İç siyasette Cumhurbaşkanı Erdoğan’ın güçlü ve karizmatik kişiliği karşısında sönük ve aciz kalan siyasal liderlerin yetersizlikleri olabilir ancak asıl olan Cumhurbaşkanı Erdoğan dirençli, dirayetli, ilkeli, yalan siyasetine mesafeli kişiliği ile siyasette ikon olmasından kaynaklanan seviye üstünlüğü olarak düşünmek lazım.

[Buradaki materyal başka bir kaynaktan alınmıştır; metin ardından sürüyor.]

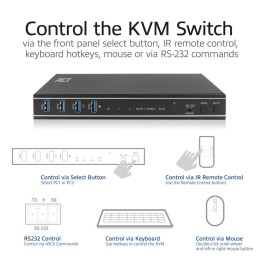 https://compmarket.hu/products/275/275882/act-ac7912-2-port-hdmi-4k-60hz-kvm-switch-usb-3.2-gen1-usb-3.0-_7.jpg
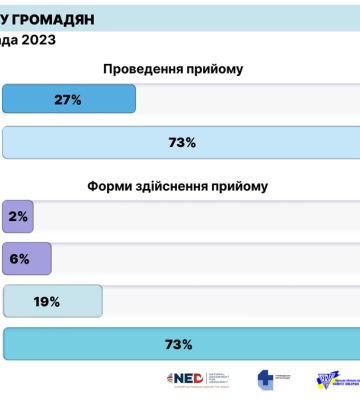 Менше третини депутатів міськради ведуть прийом громадян
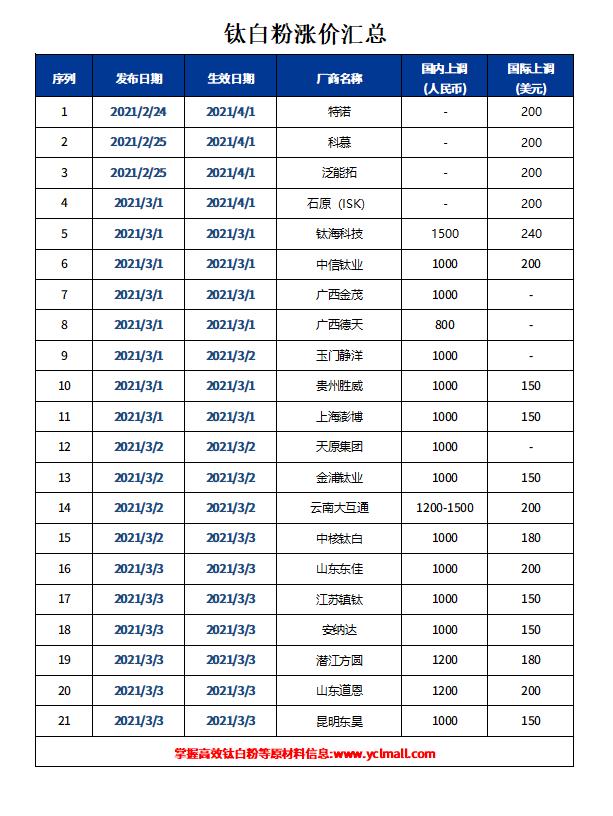 威尼斯9499登录入口(中国)有限公司官网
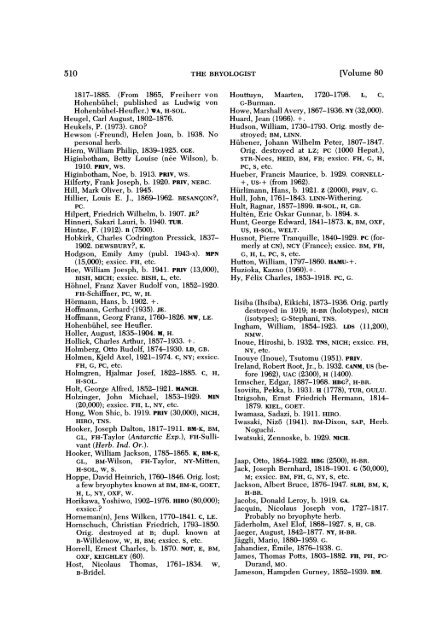 Authors of Names of Bryophytes and the Present Location of Their ...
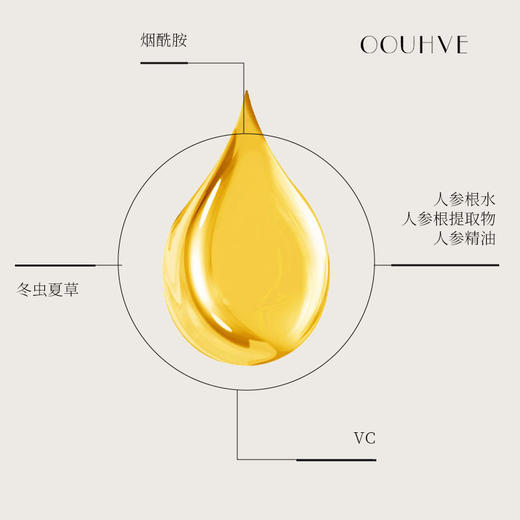 三重人参精油虫草原浆水淡化细纹抗皱VC提亮肤色125ml 商品图1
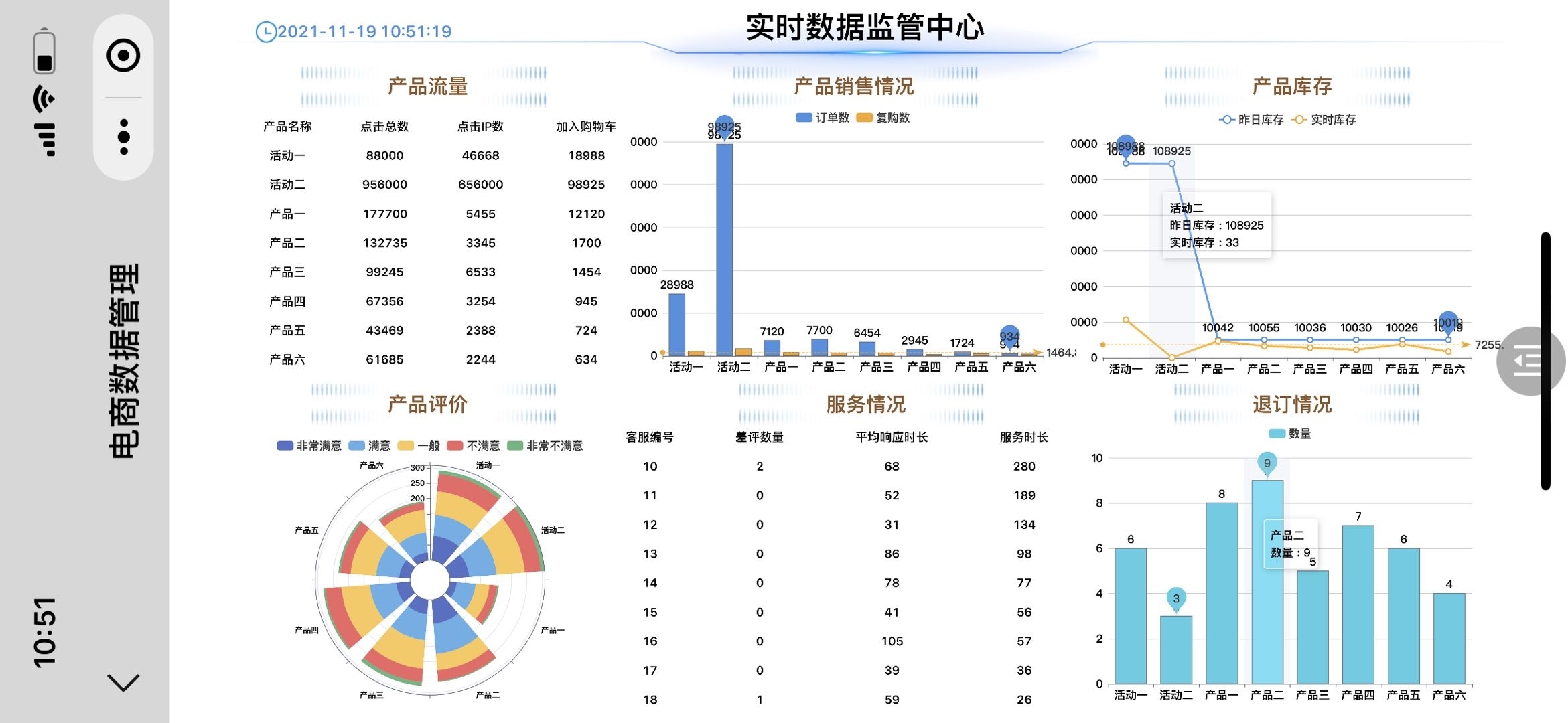 公众号短信提醒-迪赛智慧数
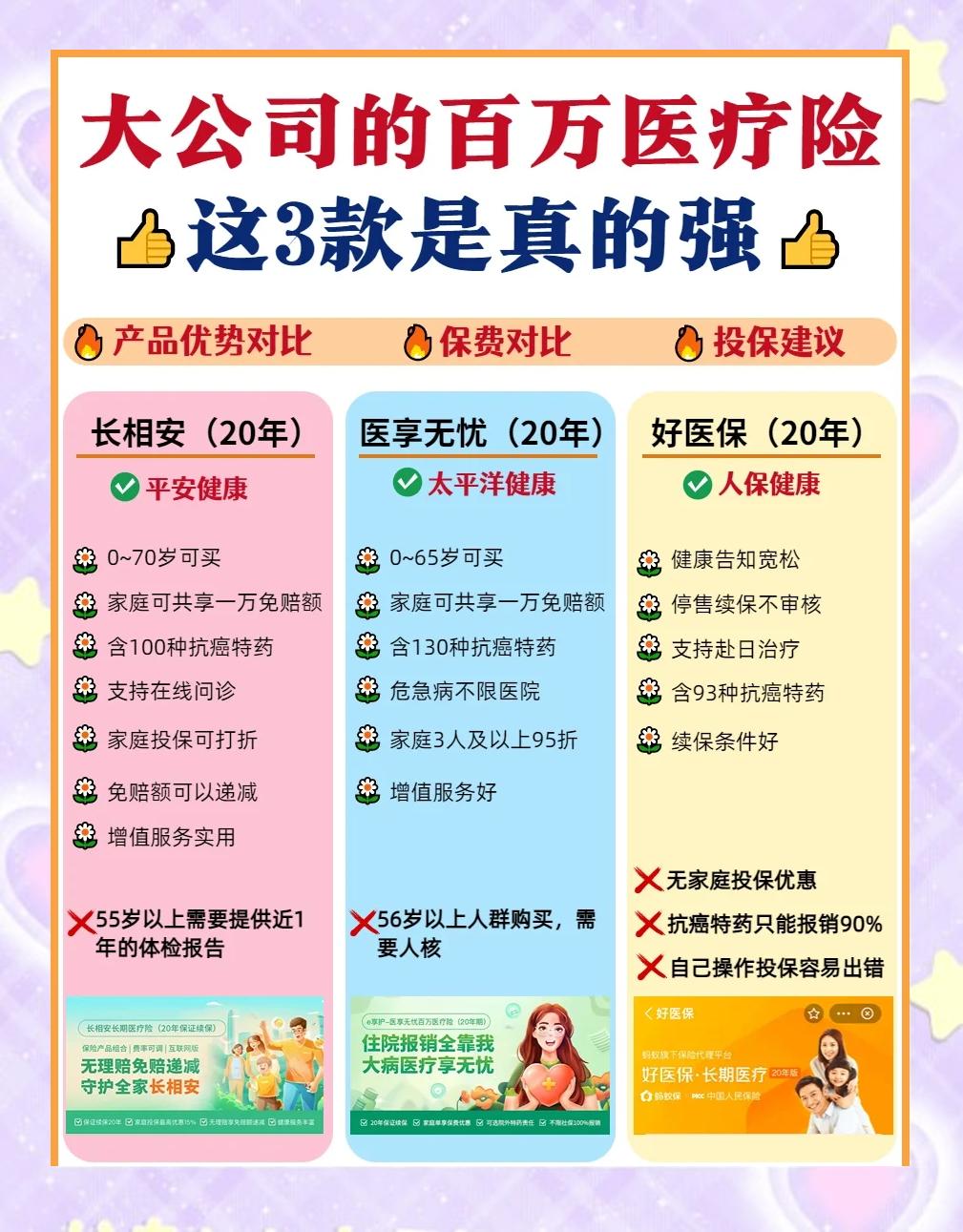 丽水最新医疗保险60%和100%区别方法分析(最方便真实的丽水医保缴费比例60%和100%的区别方法)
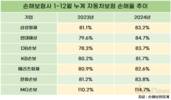 손해율 커졌지만 올해도 결론은 보험료 인하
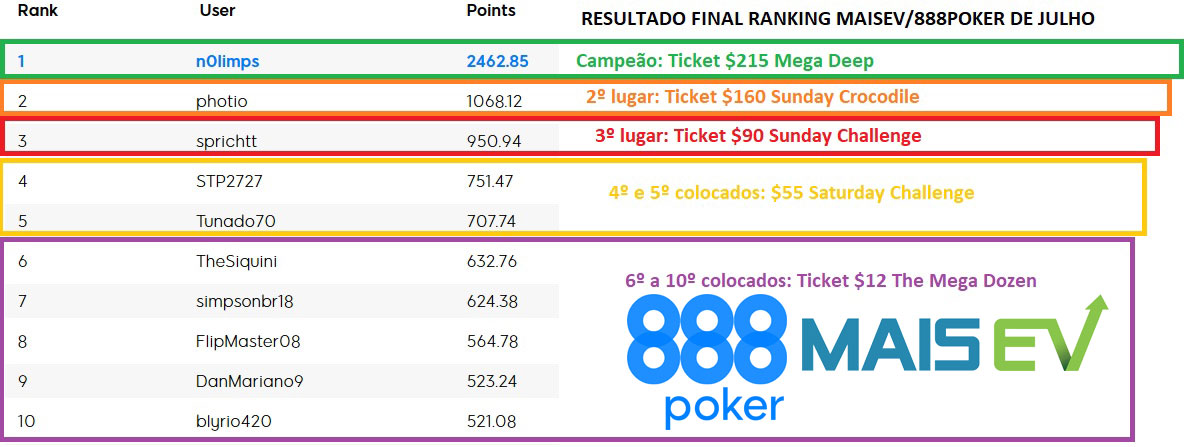 RESULTADO FINAL RANKING MAISEV JULHO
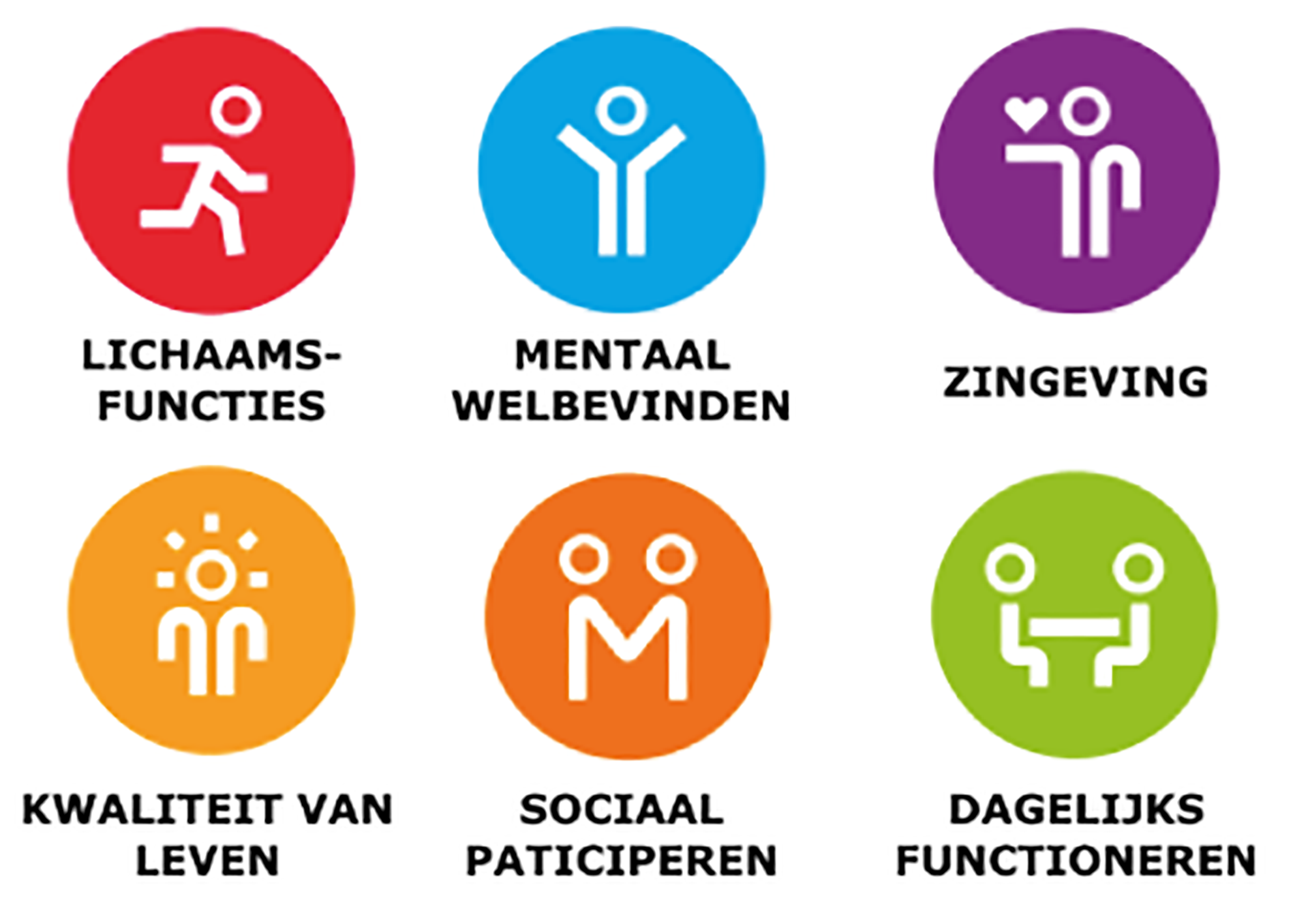 Proeverij Positieve Gezondheid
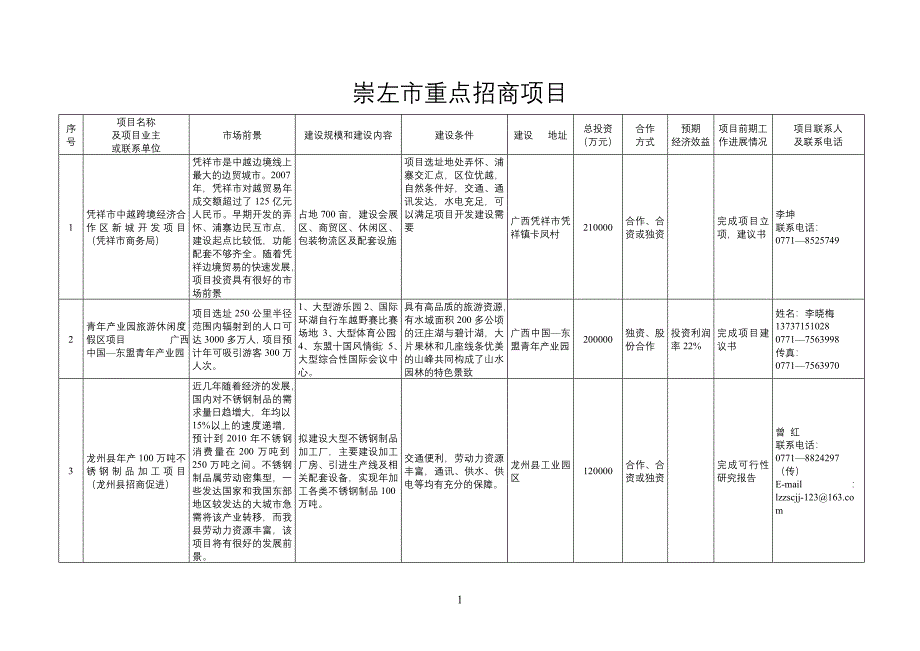 崇左市重点招商项目_第1页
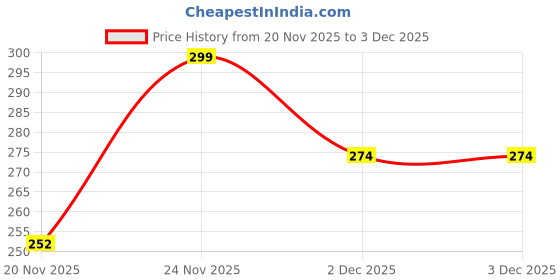 flipkart.com salexgrowth Solid Beanie salexgrowth Price History Graph from 20 Nov 2025 to 3 Dec 2025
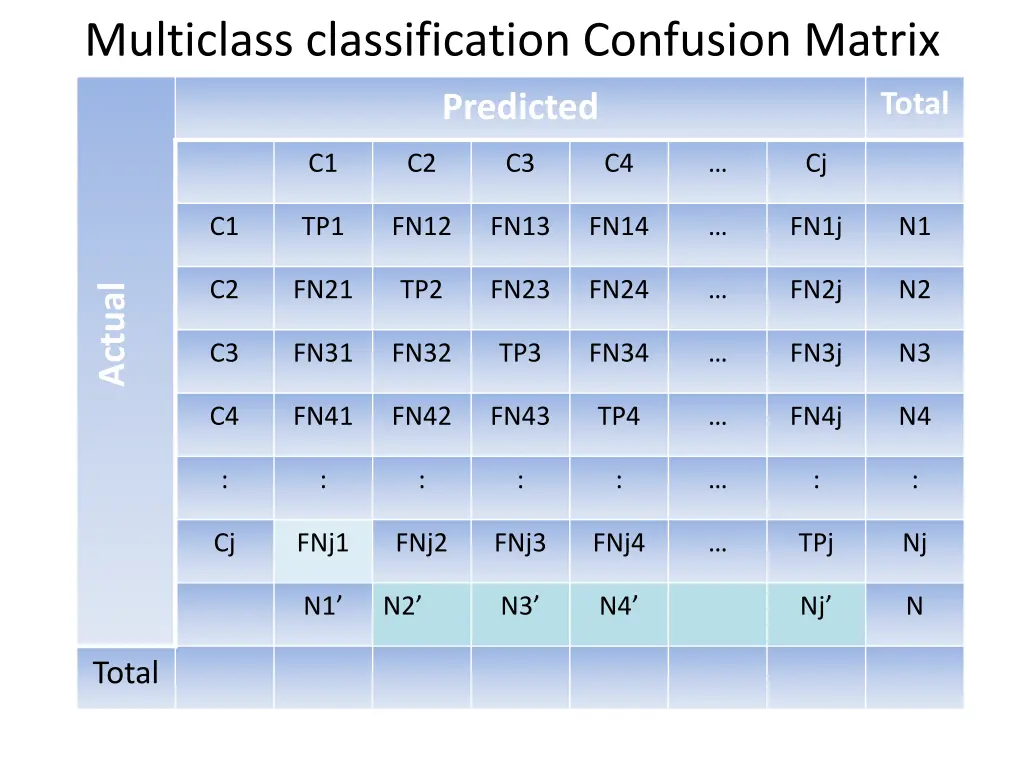 multiclass classification confusion matrix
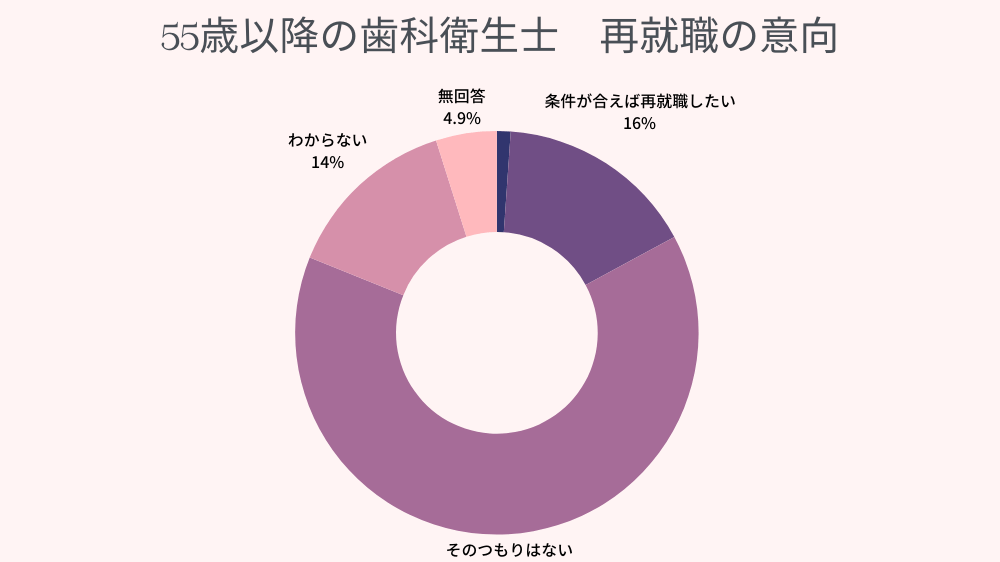 50歳以上　再就職　割合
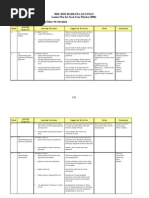 Download Physics Form 4 Yearly Lesson Plan by Mohd Khairul Anuar SN4450439 doc pdf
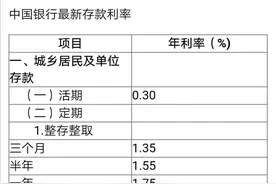 手中有10万元，选择存银行定期，这10万元到什么银行存最划算？图片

Misal, Erdoğan’ın her düştüğünde kalkması bilen azmi, siyasetteki ustalığı, hitabetindeki retorik ve samimiyeti gittikçe daha da güçlenen vizyonel duruşu, muhalefetin düşük profilli siyasal öncülerinin liderlik perspektifindeki konumlarının her seçimdeki mağlubiyetle hep dahada aşağıya çekiliyor olması, ‘’gerçek lidersizlik’’ faktörünü belirginleştirirken,zamanla bu durumu dahada müzmin hale getirmektedir.
Elbette kolay olmasa gerek Erdoğan gibi biri karşısında politika üretmek…
Oysa muhalefet olarak, kişi veya kişiler üzerinden ‘’ diktatör’’ retoriği veya hala eski parlamenter sisteme takılı kalınmasından kaynaklanan ‘’ tek adam rejimi’’ gibi ‘’ politik çiştenlik’’lerle altı boş argümanlar üreterek kalıcı bir siyasal menkıbe, bir politik hikaye yazmak mümkün olamayacağı açık.
Çünkü ‘’siyasal hamaset’’ üreten bu tür sığ politikalar lider olma çerçevesinde uzun soluklu bir birliktelik, halkla ciddi bir muhabbet üretmez dolayısıyla lider-seçmen tipolojisinde veya ilişkisinde uzun vadeli bir fedekarlık, birliktelik ilişkisi oluşturamaz.
Liderlerin boyu, posu gibi fiziksel özellikleri veya politik lafazanlığı politikada bir yere kadardır. Bir yerden sonra seçmen politikacıyla gönül bağı kurmak ister. Ancak bu birden bire olmaz. Belli şeyleri yaşamak , belli şeyleri paylaşmakla olur tüm bunlar. Bu durum seçmen olarak sahiplenildiğinde zaten her şey bitmiş, yürünecek yolda her şey bağlılık zeminine oturmuştur.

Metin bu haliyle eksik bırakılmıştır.